#BookReview The Museum Makers by Rachel Morris @SeptemberBooks

The Museum Makers Blog TourWelcome to today’s stop on the blog tour for The Museum Makers by Rachel Morris. My thanks to Diana Riley for inviting me to take part in the tour and to September Publishing for my review copy.


The Museum Makers - front coverAbout the Book

Without even thinking I began to slide all these things from the boxes under my bed into groups on the carpet, to take a guess at what belonged to whom, to match up photographs and handwriting to memories and names – in other words, to sort and classify. You can tell that I am a museum person because my first instinct – I can’t help myself – is to believe that in the past lie both the secrets and the answers.”

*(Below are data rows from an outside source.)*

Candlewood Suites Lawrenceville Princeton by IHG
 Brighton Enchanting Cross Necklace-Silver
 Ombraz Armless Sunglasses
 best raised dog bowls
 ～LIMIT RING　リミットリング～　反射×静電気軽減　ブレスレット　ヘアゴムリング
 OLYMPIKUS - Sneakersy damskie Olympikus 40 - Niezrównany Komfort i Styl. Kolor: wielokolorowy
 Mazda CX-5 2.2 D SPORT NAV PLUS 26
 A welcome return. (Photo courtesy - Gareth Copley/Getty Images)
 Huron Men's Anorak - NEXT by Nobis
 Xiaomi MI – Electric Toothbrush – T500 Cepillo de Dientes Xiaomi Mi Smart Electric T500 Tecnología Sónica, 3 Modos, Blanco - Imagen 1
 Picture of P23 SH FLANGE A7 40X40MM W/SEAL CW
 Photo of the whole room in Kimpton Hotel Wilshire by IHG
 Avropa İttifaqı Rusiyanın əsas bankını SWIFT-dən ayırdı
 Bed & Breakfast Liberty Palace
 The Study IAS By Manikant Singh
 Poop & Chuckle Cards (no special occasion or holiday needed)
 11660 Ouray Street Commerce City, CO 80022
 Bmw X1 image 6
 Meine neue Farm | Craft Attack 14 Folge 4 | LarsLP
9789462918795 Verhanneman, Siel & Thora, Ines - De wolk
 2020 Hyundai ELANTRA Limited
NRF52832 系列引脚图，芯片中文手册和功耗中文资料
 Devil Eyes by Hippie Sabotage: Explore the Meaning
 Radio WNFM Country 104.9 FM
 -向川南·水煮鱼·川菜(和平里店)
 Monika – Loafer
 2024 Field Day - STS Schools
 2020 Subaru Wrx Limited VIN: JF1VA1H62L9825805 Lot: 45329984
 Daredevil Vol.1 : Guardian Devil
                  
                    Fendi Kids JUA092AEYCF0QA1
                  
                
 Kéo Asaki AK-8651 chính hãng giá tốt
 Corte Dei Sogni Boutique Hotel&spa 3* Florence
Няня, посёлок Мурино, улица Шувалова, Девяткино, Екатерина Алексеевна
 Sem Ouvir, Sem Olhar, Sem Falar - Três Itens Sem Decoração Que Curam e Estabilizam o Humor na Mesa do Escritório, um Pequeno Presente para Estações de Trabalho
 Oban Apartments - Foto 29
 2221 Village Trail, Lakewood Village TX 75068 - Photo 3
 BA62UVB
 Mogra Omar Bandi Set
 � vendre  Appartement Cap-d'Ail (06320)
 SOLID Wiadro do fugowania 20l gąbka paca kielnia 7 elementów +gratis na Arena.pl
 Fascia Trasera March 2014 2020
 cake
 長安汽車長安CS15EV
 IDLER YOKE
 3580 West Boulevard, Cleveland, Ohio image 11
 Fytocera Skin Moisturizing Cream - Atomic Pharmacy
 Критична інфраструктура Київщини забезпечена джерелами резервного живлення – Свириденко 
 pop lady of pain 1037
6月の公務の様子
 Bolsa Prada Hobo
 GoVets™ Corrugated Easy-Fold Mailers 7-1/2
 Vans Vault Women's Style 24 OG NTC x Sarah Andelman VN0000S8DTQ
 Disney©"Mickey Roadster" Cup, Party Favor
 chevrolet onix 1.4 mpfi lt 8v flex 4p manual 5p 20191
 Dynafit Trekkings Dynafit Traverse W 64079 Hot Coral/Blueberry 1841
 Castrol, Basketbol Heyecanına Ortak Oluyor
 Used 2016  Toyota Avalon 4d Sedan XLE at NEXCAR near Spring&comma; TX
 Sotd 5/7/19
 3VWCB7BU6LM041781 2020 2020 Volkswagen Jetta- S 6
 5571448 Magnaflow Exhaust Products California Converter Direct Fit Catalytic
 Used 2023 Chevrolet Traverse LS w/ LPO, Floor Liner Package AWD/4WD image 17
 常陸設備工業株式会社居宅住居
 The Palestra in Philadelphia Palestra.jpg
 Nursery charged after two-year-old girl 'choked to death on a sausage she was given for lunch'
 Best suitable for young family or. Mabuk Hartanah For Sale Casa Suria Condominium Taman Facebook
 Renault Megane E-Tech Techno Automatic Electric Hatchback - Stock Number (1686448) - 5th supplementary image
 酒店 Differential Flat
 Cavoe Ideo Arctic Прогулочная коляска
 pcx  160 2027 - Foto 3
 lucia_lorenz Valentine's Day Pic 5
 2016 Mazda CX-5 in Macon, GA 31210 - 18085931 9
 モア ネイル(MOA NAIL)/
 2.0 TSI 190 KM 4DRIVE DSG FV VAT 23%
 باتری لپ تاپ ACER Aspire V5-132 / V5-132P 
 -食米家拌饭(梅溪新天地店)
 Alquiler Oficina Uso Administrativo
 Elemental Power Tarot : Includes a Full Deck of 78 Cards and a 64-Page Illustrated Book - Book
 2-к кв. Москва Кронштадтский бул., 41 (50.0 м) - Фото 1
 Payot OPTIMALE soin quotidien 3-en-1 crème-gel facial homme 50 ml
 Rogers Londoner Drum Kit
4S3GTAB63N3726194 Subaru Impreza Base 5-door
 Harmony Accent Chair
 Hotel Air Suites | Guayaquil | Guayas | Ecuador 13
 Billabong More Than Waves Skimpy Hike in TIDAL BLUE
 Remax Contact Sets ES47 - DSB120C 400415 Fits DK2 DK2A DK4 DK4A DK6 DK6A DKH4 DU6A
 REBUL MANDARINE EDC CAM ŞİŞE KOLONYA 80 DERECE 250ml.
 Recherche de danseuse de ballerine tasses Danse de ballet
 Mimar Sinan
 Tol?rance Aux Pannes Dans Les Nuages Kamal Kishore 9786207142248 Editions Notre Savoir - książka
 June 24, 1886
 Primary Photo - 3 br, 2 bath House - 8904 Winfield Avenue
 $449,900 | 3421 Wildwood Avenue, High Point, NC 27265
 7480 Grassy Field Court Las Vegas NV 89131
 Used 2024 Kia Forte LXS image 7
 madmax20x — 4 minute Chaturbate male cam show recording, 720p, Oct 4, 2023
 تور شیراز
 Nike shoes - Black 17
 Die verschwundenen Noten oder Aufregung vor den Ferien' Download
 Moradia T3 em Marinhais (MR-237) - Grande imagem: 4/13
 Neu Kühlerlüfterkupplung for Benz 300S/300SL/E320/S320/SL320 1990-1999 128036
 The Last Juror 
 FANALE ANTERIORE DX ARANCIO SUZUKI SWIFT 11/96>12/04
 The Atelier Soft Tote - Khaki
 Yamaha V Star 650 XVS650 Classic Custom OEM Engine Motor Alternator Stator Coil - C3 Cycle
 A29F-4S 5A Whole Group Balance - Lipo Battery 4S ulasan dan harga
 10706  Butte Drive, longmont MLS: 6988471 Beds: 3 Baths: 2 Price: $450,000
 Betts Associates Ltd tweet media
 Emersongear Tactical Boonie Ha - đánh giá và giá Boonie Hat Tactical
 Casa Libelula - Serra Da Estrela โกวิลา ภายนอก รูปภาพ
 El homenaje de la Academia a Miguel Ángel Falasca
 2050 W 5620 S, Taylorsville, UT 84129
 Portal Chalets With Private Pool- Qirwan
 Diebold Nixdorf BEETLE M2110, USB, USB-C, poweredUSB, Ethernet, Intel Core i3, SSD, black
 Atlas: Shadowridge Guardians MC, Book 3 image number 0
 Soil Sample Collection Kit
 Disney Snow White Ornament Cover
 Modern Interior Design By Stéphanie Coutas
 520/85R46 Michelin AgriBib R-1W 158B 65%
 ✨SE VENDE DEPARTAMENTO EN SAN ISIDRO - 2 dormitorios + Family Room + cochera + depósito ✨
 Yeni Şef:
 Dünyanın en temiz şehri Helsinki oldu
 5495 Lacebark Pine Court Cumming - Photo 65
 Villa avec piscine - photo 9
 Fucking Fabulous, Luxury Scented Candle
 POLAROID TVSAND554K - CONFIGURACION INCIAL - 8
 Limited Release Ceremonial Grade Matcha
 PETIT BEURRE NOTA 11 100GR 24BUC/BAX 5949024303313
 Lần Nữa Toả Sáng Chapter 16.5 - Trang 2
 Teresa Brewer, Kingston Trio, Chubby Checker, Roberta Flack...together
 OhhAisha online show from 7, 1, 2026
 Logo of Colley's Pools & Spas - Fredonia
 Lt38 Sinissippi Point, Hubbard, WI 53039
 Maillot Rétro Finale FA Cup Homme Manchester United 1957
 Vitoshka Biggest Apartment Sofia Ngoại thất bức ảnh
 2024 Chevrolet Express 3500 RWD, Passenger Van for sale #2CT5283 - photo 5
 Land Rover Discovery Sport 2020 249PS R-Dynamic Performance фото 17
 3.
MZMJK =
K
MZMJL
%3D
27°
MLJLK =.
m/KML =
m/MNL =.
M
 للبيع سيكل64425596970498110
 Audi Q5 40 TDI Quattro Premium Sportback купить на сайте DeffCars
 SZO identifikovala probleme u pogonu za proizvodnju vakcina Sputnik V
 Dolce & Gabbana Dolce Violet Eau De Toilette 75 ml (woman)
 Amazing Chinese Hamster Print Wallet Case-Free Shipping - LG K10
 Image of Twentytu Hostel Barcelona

Museum expert Rachel Morris had been ignoring the boxes of family belongings beneath her bed for decades. When she finally opened them she began a journey into her family’s dramatic story through the literary and bohemian circles of the nineteenth and twentieth century. It was a revelatory experience – one that finds her searching for her absent father in archives of the Tate, to wonder why Gran was predisposed towards tragic endings, and which transports her back to the museums that had enriched her lonely childhood. By teasing out the stories of those early museum makers, and the unsung daughters and wives behind them, and seeing them reflected in her own family, Morris digs deep into the human instinct for collection and curation.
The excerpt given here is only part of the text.